Na madrugada seguinte, mais uma decisão insensata e irrefletida assumiu o risco de destruir parte do nosso futuro. A Câmara dos Deputados desfigurou a proposta das 10 Medidas contra a Corrupção e embutiu entre elas mecanismos claramente destinados a intimidar juízes e procuradores. Acusar ou investigar com elementos sabidamente forjados deve ser e já é crime. Mas acusar ou investigar com a convicção de que os elementos são suficientes, mesmo quando o juiz ou o tribunal discordou dessa avaliação, não é crime em lugar algum do mundo.

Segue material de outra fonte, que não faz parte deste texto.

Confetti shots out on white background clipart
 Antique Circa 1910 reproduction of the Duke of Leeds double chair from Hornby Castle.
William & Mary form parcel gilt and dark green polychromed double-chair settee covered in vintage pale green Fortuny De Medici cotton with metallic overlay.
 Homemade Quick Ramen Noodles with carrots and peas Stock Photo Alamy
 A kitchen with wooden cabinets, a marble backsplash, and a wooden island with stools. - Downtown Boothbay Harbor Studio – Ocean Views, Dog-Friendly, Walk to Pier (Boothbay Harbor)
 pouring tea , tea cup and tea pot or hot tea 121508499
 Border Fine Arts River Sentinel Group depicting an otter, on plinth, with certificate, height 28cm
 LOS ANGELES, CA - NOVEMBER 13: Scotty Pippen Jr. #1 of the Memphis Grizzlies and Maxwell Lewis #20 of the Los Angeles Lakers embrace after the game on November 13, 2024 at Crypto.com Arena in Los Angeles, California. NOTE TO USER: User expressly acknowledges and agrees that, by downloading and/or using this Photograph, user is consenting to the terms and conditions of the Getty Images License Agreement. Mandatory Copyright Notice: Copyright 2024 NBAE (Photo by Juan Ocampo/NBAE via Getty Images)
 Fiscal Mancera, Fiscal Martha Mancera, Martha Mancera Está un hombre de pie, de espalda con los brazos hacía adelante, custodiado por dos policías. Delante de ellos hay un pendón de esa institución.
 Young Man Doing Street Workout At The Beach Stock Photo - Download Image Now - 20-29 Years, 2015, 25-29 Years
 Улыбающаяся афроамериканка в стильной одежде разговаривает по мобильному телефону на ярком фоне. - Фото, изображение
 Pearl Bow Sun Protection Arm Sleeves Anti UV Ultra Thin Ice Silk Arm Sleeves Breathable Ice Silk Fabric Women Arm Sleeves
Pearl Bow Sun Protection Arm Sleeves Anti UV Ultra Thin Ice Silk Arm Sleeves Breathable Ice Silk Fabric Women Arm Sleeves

Para quem acha que as 10 Medidas não eram essenciais, fica o alerta: o Brasil tem um dos sistemas de Justiça criminal mais anacrônicos do mundo. Peculiaridades como a prescrição retroativa ou o habeas corpus quando o réu está solto, sem a acusação sequer ser informada de sua impetração, só existem aqui. A Operação Lava-Jato está sendo conduzida, apesar das disfunções atuais do sistema, com grandes dificuldades técnicas e a necessidade constante de interpretações inovadoras e arrojadas.
A deliberação da Câmara dos Deputados não pode ter sido tomada pelos motivos certos.
Não houve esforço de modificação ou adaptação das medidas consideradas polêmicas:
elas foram simplesmente suprimidas. A aplicação do teste de integridade poderia ter ficado mais regrada, restrita a corregedorias independentes ou órgãos de controle e limitada apenas a algumas categorias de servidores públicos. Na prescrição, alguns prazos poderiam ter sido reduzidos em troca do fim da prescrição retroativa. Nos acordos, poderiam ter sido incluídos critérios quantitativos para as propostas do Ministério Público. Mas nada disso foi sequer cogitado pelos deputados.
Mais que tudo, é infame aprovar mecanismos tão claramente voltados para intimidar juízes e procuradores a pretexto de combater a corrupção. Esses mecanismos servem apenas para inibir a atuação das instituições, sem dar nenhuma contribuição para a investigação de um juiz ou procurador potencialmente corrupto ou que abusa de suas prerrogativas.
Práticas como a invocação da condição funcional para obter vantagem indevida ou se escusar de dever — trata-se da conhecida “carteirada” — continuam de fora, talvez porque não sejam só juízes e procuradores que nelas incorrem.
O Brasil não pode dar-se ao luxo de desistir das 10 Medidas. Elas são nossa melhor chance em mais de 50 anos de contar com um sistema de Justiça criminal mais moderno e equilibrado. Elas são o voo que ainda pode pousar em segurança.